2007 IEEE International Conference on Image Processing - San Antonio, Texas, U.S.A. - September 16-19, 2007

Technical Program

Paper Detail

Paper:MP-P6.11
Session:Biomedical Imaging I
Time:Monday, September 17, 14:30 - 17:10
Presentation: Poster
Title: A NEW CAD SYSTEM FOR EARLY DIAGNOSIS OF DETECTED LUNG NODULES
Authors: Ayman El-Baz; University of Louisville 
 Georgy Gimelfarb; University of Auckland 
 Robert Falk; Jewish Hospital 
 Mohamed Abo El-Ghar; University of Mansoura 
Abstract: A pulmonary nodule is the most common manifestation of lung cancer. Lung nodules are approximately-spherical regions of relatively high density that are visible in X-ray images of the lung. Large (generally defined as greater than 1 cm in diameter) malignant nodules can be easily detected with traditional imaging equipment and can be diagnosed by needle biopsy or bronchoscopy techniques. However, the diagnostic options for small malignant nodules are limited due to problems associated with accessing small tumors, especially if they are located deep in the tissue or away from the large airways; therefore, additional diagnostic and imaging techniques are needed. One of the most promising techniques for detecting small cancerous nodules relies on characterizing the nodule based on its growth rate. The growth rate is estimated by measuring the volumetric change of the detected lung nodules over time, so it is important to accurately measure the volume of the nodules to quantify their growth rate over time. In this paper, we introduce a novel Computer Assisted Diagnosis (CAD) system for early diagnosis of lung cancer. The proposed CAD system consists of five main steps.
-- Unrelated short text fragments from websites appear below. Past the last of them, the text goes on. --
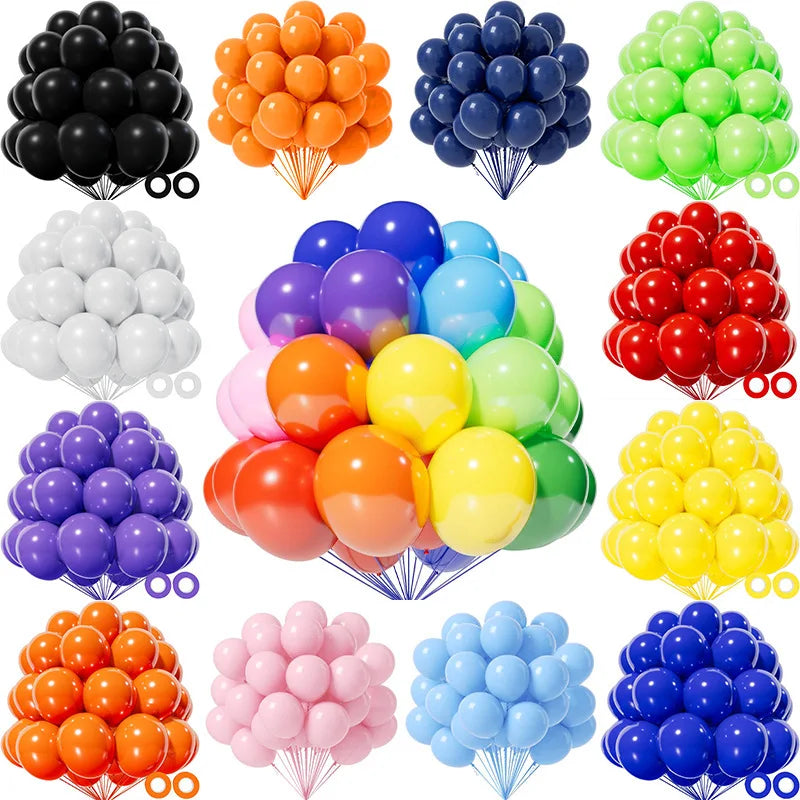 10/20/30 Uds. Globos de Látex Rojos, Negros y Blancos de 5/10/12 Pulgadas, Globos Rosa Intenso, Azules y Marrones para Decoración de Fiestas de Cumpleaños, Bodas y Baby Shower
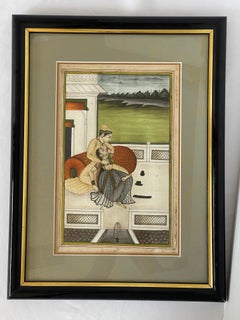 Pittura antica di amanti indiani su un padiglione in miniatura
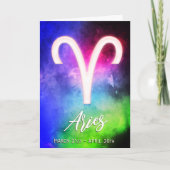 Zodiac: Aries Dates Birthday Kaart (Voorkant)
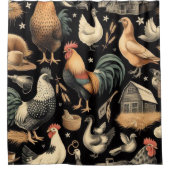 Muster der Hähnchenfarm Duschvorhang (Vorderseite)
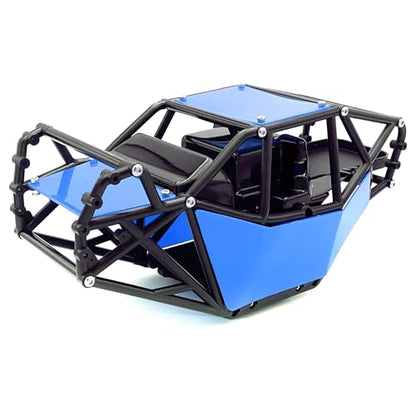 Nylon Rock Buggy Roll Cage Body Shell Chassis Kit for SCX10 ll 90046(Blue) | Roll Cage Rock Buggy Body Shell,1/10 RC Crawler Upgrade Parts,High-strength,Easy Assembled - color: Blue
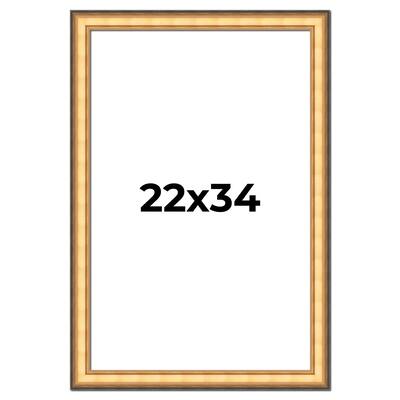 22x34 Frame Gold Plein Aire Solid Wood Picture Frame Width 2 Inches |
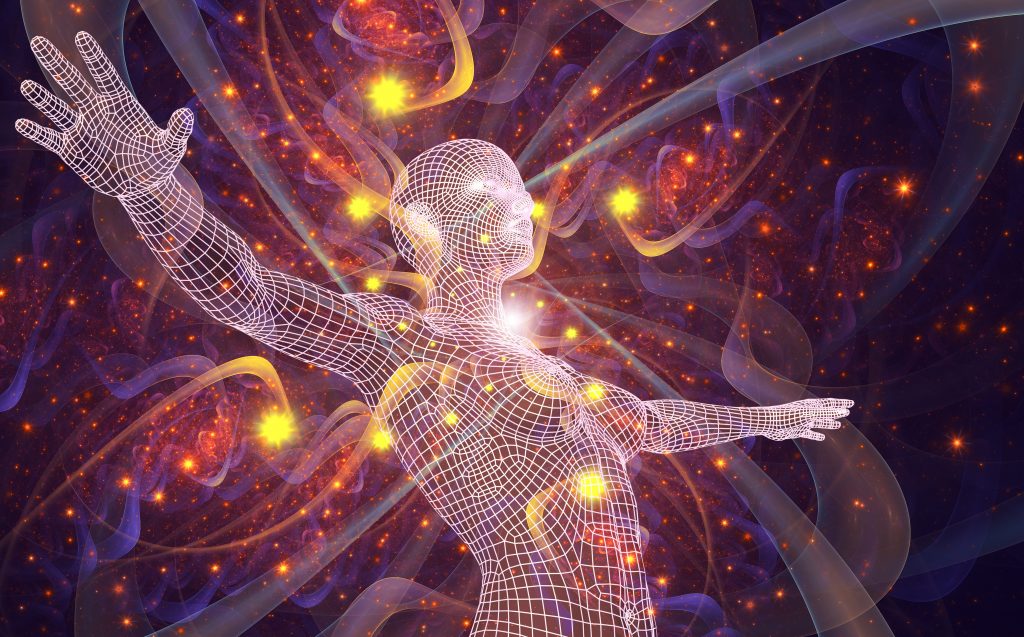 A glowing wireframe figure with outstretched arms, surrounded by swirling cosmic patterns and bright stars.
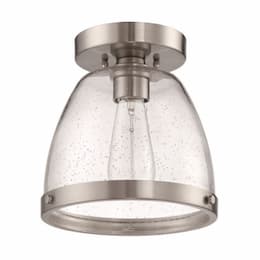 Lodie Flush Mount Fixture w/o Bulb, E26, Brushed Polished Nickel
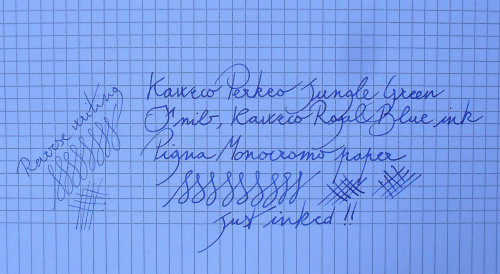 Kaweco Perkeo Jungle Green - write test.JPG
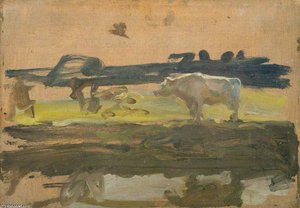 Study Of A White Bull — Sir Alfred James Munnings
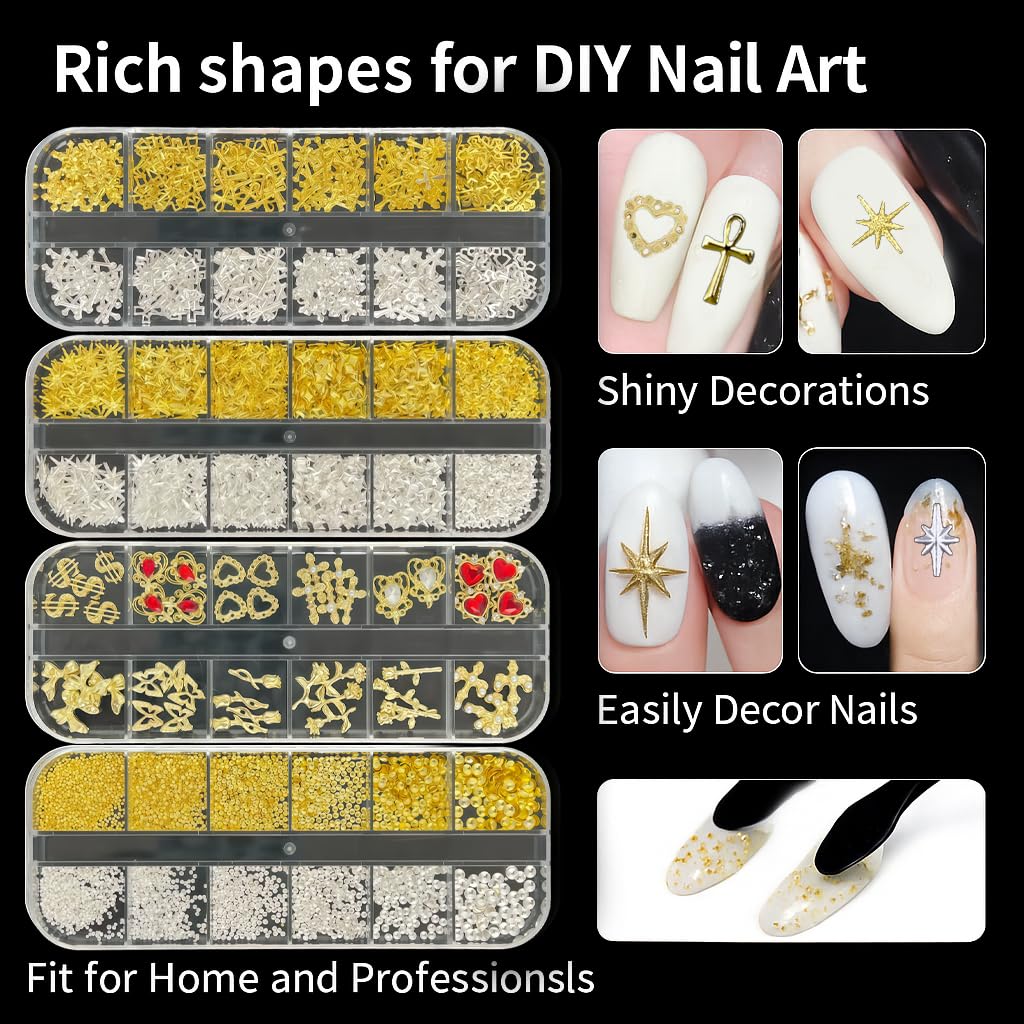 KINGNAME Gold Nail Charms and Gems Set, 4 Boxes Nail Gems Nail Pearls Nail Art Tools, 3D Cross Nail Charms Heart Nail Rhinestones for Nails Supplies, Charms for Nails Design Nail Art Kit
These steps are: i) segmentation of lung tissues from low dose computed tomography (LDCT) images, ii) detection of lung nodules from segmented lung tissues, iii) a non-rigid registration approach to align two successive LDCT scans and to correct the motion artifacts caused by breathing and patient motion, iv) segmentation of the detected lung nodules, and v) quantification of the volumetric changes. Our preliminary classification results based on the analysis of the growth rate of both benign and malignant nodules for 10 patients (6 patients diagnosed as malignant and 4 diagnosed as benign) were 100% for 95% confidence interval. The preliminary results of the proposed image analysis have yielded promising results that would supplement the use of current technologies for diagnosing lung cancer.